WASHINGTON: US and British intelligence agencies have cracked the encryption that secures a wide range of online communications including emails, banking transactions and phone conversations, according to newly leaked documents.
The documents provided by former US intelligence contractor Edward Snowden to The New York Times, ProPublica and The Guardian suggest that the spy agencies are able to decipher data even with the supposedly secure encryption to make it private.
The US National Security Agency, working with its British counterpart, GCHQ, accomplished the feat by using supercomputers, court orders, and some cooperation from technology companies, the documents indicate.
If the reports are accurate, the highly secretive program would defeat much of the protection that is used to keep data secure and private on the Internet, from emails to chats to communications using smartphones.
Demonstrators hold images of Edward Snowden at a rally in Berlin on July 27, 2013 (AFP, John Macdougall)

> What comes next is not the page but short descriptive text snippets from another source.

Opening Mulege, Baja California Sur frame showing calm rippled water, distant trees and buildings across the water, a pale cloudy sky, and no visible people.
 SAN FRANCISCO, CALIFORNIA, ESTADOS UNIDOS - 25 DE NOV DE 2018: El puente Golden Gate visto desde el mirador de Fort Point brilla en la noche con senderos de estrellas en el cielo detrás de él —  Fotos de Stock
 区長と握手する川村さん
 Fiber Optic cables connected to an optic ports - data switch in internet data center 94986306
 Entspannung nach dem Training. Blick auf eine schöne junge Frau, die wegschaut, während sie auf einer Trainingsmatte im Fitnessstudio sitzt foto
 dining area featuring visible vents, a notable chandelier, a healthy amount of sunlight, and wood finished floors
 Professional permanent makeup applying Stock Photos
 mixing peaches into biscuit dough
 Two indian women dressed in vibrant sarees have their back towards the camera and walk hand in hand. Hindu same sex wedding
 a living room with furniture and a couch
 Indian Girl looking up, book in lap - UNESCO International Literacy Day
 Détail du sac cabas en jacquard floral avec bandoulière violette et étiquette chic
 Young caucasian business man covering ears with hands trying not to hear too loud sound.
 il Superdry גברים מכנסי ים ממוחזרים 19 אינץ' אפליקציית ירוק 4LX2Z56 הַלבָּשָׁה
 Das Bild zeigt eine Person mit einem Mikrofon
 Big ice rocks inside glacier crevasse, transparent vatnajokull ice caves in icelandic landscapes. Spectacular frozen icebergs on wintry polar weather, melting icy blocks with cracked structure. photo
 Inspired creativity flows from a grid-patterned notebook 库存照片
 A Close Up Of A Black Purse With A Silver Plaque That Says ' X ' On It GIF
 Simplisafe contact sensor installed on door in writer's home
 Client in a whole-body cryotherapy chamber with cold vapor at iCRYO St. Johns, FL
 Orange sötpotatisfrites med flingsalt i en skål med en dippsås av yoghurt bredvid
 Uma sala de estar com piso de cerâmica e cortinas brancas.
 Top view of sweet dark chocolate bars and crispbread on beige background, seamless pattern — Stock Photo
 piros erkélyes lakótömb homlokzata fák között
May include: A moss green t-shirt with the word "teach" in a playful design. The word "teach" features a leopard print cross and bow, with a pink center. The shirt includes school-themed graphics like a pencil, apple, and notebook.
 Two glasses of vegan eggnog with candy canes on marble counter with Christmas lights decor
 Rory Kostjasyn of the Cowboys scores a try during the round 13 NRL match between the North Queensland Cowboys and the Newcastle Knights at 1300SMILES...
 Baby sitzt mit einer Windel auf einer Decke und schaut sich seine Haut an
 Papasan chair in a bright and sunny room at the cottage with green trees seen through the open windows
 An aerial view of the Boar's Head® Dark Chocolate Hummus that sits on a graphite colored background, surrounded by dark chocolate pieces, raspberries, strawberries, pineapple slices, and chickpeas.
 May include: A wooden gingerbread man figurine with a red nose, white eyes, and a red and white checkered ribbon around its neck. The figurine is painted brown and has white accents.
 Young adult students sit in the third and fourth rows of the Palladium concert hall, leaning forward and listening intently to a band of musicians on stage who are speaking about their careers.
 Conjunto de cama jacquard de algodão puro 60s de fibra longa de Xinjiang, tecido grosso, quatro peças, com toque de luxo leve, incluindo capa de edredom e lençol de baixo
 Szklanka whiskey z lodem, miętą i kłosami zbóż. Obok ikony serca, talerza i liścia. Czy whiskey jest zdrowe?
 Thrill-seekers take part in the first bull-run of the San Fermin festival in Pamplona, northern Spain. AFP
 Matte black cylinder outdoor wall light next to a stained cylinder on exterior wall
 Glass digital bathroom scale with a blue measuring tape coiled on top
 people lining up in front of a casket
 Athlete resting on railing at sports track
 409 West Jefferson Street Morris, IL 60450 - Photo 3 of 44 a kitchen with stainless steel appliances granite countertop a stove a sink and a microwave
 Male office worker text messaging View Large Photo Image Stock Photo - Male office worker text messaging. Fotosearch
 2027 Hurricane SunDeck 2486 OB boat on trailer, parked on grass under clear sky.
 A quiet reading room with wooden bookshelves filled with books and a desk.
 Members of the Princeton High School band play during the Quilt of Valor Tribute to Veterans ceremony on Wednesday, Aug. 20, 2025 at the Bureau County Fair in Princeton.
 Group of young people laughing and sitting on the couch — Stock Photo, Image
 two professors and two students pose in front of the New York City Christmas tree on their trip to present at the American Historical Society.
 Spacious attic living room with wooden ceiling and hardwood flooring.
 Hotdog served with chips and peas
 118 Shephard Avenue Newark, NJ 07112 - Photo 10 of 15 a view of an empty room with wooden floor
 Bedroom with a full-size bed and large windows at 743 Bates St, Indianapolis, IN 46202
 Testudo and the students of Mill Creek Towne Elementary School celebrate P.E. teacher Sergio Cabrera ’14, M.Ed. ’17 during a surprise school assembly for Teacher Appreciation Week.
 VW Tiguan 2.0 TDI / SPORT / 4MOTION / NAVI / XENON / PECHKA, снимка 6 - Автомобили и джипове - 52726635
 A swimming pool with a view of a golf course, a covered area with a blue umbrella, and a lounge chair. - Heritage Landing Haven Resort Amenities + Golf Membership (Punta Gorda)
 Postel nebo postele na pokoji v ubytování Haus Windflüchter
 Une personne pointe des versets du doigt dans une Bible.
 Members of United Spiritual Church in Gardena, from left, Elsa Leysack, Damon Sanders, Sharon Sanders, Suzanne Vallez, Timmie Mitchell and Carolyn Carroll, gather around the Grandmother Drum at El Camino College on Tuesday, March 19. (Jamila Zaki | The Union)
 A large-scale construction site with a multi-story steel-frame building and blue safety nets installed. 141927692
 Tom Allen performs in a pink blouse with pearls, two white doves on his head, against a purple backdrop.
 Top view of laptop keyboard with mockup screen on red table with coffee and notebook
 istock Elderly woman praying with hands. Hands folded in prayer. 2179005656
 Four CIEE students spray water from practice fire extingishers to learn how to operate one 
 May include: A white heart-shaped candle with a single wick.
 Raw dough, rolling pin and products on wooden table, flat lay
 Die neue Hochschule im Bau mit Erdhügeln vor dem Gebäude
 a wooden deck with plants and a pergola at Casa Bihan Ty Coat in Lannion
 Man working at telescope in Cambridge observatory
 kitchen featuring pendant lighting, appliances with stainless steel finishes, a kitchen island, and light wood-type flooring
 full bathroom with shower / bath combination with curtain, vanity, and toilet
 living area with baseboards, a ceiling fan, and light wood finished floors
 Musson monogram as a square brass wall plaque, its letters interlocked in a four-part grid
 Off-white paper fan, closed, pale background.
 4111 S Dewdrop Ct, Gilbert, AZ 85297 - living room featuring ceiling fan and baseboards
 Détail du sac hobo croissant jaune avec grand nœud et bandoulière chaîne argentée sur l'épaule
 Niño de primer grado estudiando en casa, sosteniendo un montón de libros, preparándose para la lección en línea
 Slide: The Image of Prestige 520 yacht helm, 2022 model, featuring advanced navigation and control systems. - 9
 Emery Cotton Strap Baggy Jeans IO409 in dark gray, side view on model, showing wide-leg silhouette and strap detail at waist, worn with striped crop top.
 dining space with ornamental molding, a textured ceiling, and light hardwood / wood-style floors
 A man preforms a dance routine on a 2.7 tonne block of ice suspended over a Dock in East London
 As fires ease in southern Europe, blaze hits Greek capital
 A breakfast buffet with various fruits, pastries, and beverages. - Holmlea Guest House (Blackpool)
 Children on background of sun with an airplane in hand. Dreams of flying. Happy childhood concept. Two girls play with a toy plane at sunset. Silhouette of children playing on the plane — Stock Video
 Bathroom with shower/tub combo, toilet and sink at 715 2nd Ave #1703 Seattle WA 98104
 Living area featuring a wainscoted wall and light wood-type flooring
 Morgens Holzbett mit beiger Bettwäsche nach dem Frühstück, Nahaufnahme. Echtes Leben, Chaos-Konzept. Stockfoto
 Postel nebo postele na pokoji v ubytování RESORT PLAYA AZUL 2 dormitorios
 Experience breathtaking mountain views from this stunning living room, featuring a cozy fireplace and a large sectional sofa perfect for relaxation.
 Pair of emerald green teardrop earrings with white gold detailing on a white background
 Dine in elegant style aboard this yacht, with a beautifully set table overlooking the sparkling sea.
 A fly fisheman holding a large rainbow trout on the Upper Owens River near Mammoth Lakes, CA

The Guardian report said the two spy agencies had “covert partnerships” with technology companies and Internet providers which allows the insertion of “secret vulnerabilities — known as backdoors or trapdoors — into commercial encryption software.”
“It’s pretty shocking,” said Joseph Hall of the Center for Democracy and Technology, a digital rights organization.
Hall told AFP that if the reports are true, “it means that the elements that keep information secure in transit are fundamentally undermined.”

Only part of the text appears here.